■ **Try it**:
After locating the line that contains "2 X 3 Gray Distressed" in the data below, set down exactly that line and each one after it through the line that contains "Wadkin EQ2761 Spindle Moulder - Image 8 of 8", and nothing more.

---------- Entries provided

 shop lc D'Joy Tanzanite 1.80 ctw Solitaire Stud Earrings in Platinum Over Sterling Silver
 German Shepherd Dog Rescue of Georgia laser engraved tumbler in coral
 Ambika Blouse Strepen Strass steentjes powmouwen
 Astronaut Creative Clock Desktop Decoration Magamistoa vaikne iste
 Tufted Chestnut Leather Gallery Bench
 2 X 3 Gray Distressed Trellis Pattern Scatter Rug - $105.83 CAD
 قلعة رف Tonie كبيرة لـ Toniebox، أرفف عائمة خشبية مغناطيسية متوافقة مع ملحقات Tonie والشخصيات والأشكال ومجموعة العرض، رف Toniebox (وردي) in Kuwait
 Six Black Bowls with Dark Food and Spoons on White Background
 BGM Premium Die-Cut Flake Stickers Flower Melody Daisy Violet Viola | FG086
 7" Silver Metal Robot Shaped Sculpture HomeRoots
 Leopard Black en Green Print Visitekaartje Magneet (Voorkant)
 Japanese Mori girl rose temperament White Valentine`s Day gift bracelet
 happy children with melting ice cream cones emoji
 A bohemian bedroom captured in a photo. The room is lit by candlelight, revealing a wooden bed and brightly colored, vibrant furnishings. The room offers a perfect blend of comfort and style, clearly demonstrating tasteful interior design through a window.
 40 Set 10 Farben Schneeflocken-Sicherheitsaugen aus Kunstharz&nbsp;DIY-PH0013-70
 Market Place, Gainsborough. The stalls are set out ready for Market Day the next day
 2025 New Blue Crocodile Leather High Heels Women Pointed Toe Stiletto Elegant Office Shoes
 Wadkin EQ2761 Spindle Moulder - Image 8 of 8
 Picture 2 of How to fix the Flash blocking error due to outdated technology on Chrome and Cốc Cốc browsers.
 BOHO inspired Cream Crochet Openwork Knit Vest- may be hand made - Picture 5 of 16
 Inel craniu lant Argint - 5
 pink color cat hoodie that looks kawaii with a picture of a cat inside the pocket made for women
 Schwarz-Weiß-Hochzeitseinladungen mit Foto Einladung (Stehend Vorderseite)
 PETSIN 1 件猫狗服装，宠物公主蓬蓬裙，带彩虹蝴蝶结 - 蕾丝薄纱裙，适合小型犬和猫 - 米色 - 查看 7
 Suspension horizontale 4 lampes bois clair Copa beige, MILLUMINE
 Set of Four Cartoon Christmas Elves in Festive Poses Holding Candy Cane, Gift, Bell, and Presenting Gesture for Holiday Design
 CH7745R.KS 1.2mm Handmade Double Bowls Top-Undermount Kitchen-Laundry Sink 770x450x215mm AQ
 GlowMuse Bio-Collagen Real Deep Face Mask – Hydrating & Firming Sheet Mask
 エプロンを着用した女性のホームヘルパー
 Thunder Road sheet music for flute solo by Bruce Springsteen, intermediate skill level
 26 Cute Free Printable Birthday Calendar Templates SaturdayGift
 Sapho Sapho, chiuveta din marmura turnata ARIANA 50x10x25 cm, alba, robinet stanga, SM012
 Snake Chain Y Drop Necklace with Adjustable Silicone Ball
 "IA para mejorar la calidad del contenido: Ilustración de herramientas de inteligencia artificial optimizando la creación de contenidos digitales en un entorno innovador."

--------------------

■ **Response to this task**:
 2 X 3 Gray Distressed Trellis Pattern Scatter Rug - $105.83 CAD
 قلعة رف Tonie كبيرة لـ Toniebox، أرفف عائمة خشبية مغناطيسية متوافقة مع ملحقات Tonie والشخصيات والأشكال ومجموعة العرض، رف Toniebox (وردي) in Kuwait
 Six Black Bowls with Dark Food and Spoons on White Background
 BGM Premium Die-Cut Flake Stickers Flower Melody Daisy Violet Viola | FG086
 7" Silver Metal Robot Shaped Sculpture HomeRoots
 Leopard Black en Green Print Visitekaartje Magneet (Voorkant)
 Japanese Mori girl rose temperament White Valentine`s Day gift bracelet
 happy children with melting ice cream cones emoji
 A bohemian bedroom captured in a photo. The room is lit by candlelight, revealing a wooden bed and brightly colored, vibrant furnishings. The room offers a perfect blend of comfort and style, clearly demonstrating tasteful interior design through a window.
 40 Set 10 Farben Schneeflocken-Sicherheitsaugen aus Kunstharz&nbsp;DIY-PH0013-70
 Market Place, Gainsborough. The stalls are set out ready for Market Day the next day
 2025 New Blue Crocodile Leather High Heels Women Pointed Toe Stiletto Elegant Office Shoes
 Wadkin EQ2761 Spindle Moulder - Image 8 of 8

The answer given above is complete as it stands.